Improving efficiency of programme evaluations with data science

Exploring how artificial intelligence and machine learning can improve project evaluations

Project team members

We conducted a literature review exploring how the use of text analytics, artificial intelligence, and machine learning techniques, including natural language processing, can be used to improve the processes for implementing programme evaluations.

This particular work was focused on identifying how these techniques could scale up the processes used by the Global Affairs Canada (GAC), and presenting options for testing identified approaches in practice.

The challenge

GAC regularly carries out evaluations of large programmes that span a substantial number of projects, across a large set of countries, several years of implementation, and involve a significant amount of funds. For example, the Canadian Maternal, New-born, and Child Health (MNCH) programming (MNCH 1.0 and MNCH 2.0) covers almost a decade of funding across 900 projects, with over CAD$3 billion funding. To implement evaluations of such large programmes, GAC currently manually reviews and analyses large samples of project documentation. Reviewing the full set of project documentation is not feasible, given the amount of text stored in these corpuses. For instance, by one estimate provided by GAC, reviewing all project documentation related to the MNCH programmes would take over 1,000 years of one reviewer’s time.

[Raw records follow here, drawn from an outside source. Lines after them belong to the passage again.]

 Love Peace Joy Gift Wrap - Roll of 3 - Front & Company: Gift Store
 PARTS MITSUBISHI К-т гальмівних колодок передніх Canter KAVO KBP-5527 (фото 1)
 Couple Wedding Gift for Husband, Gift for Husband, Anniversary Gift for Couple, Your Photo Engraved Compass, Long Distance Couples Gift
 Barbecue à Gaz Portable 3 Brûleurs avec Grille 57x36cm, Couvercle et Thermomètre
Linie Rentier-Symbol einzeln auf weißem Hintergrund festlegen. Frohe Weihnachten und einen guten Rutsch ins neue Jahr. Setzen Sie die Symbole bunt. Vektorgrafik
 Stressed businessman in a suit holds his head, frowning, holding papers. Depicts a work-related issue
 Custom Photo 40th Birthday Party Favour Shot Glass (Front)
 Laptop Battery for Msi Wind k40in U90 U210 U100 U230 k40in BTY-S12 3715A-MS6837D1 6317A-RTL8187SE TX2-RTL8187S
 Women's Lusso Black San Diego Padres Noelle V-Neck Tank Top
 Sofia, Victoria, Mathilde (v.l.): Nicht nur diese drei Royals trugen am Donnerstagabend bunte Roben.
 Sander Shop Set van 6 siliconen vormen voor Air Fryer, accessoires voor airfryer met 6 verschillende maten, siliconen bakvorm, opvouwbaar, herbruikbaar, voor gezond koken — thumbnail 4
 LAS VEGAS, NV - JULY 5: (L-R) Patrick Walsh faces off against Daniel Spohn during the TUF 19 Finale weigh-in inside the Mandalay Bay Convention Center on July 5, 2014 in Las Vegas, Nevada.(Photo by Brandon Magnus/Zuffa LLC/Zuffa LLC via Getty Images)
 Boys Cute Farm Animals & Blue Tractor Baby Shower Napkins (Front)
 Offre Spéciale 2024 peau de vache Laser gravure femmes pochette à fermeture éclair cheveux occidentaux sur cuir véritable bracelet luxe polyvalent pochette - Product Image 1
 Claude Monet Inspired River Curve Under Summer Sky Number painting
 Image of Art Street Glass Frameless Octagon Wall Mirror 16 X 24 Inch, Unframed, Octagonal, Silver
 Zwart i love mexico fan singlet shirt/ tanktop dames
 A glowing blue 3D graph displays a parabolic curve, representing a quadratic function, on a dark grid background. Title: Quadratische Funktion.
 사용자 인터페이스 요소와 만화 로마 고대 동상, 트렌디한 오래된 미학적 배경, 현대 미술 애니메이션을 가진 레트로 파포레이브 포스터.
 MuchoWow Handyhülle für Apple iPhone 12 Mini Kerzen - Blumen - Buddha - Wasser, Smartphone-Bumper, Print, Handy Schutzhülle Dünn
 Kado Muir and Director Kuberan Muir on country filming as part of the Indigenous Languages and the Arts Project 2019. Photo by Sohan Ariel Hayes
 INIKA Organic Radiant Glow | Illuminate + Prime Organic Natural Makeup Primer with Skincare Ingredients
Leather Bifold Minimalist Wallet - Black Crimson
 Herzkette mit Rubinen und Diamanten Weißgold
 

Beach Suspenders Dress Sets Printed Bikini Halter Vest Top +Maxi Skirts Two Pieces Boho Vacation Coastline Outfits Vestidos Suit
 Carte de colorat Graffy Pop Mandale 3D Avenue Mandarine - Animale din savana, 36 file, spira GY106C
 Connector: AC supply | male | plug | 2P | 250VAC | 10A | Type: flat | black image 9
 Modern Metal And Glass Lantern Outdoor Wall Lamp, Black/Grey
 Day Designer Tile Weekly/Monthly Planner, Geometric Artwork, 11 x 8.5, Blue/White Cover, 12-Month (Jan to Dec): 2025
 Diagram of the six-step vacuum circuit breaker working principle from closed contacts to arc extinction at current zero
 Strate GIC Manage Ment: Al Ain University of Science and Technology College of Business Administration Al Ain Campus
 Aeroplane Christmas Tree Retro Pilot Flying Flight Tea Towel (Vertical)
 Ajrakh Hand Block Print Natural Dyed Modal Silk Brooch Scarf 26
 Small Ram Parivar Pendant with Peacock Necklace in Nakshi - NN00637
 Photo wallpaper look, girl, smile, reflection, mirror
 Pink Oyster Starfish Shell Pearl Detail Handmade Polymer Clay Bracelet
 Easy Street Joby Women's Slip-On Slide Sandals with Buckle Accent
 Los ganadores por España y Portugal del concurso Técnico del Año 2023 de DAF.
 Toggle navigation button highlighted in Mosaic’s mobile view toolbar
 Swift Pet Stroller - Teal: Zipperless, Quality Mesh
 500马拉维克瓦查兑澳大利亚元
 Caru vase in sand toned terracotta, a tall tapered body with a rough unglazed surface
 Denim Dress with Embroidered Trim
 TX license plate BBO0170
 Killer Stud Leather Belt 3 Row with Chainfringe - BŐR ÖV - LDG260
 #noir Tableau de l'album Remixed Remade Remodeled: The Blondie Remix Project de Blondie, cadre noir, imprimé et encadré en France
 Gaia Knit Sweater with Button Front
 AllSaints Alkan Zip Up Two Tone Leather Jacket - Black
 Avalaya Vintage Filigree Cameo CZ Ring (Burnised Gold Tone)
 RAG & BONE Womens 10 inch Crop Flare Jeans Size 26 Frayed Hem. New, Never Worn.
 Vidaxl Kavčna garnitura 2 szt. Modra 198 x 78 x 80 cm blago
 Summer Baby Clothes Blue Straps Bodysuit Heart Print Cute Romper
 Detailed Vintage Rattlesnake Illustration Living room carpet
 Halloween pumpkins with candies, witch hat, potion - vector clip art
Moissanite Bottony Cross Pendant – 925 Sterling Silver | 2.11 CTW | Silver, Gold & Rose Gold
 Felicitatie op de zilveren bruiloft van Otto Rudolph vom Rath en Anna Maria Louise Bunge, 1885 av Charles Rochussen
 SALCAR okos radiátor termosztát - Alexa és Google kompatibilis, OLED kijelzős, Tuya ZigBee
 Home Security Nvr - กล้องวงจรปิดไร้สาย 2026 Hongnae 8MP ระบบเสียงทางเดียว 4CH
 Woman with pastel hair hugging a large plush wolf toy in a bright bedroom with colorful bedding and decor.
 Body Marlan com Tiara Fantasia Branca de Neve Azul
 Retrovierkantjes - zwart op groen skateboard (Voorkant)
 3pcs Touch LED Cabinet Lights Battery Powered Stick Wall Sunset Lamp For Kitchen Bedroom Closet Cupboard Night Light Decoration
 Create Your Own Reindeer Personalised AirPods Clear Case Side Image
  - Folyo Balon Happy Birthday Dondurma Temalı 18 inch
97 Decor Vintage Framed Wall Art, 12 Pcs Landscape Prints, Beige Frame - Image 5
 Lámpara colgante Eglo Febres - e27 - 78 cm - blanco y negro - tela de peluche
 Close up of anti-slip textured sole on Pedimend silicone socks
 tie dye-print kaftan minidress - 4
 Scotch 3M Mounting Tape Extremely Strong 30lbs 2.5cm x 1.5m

The objective of the project was to identify analytical methods that could help to improve the efficiency with which such evaluations could be implemented, both when selecting projects to be included in the evaluation and when reviewing selected documents.

Our approach

We reviewed the current process whereby GAC implements programme evaluations and identified three main steps where modern data science methods could most usefully be applied:

  • the selection of projects to be included in programme evaluations
  • the selection of documents to be included in the review of the identified projects
  • the coding and analysis of document reviews.

By reviewing relevant literature and descriptions of pilot projects being implemented in policy contexts, we suggested appropriate methods that could be tested with respect to each of these steps.

Outcomes and wider impacts

Within a final report, we provided recommendations for methods that could be used in the context of GAC programme evaluations. These covered a variety of approaches, including topic modelling, sentiment analysis, information retrieval methods (e.g. Word2Vec, and named entity recognition). The report also covered data pre-processing steps that would be required to test this, including automatic processing of imagery and PDF files, and infrastructure requirements. Finally, we suggested a way forward in terms of how these methods could be piloted and tested.